> [SOURCE DATA]

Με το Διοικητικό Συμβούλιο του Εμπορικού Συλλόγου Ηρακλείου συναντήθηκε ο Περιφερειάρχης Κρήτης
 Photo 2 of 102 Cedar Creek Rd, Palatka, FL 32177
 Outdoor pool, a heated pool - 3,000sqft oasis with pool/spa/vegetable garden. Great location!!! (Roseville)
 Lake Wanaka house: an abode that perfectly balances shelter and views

> [PROBLEM REQUIREMENTS]
Return the lines exactly as they stand, please. Start at the top of the material and finish with the line where "Outdoor pool, a" appears.

> [RESPONSE AREA]
Με το Διοικητικό Συμβούλιο του Εμπορικού Συλλόγου Ηρακλείου συναντήθηκε ο Περιφερειάρχης Κρήτης
 Photo 2 of 102 Cedar Creek Rd, Palatka, FL 32177
 Outdoor pool, a heated pool - 3,000sqft oasis with pool/spa/vegetable garden. Great location!!! (Roseville)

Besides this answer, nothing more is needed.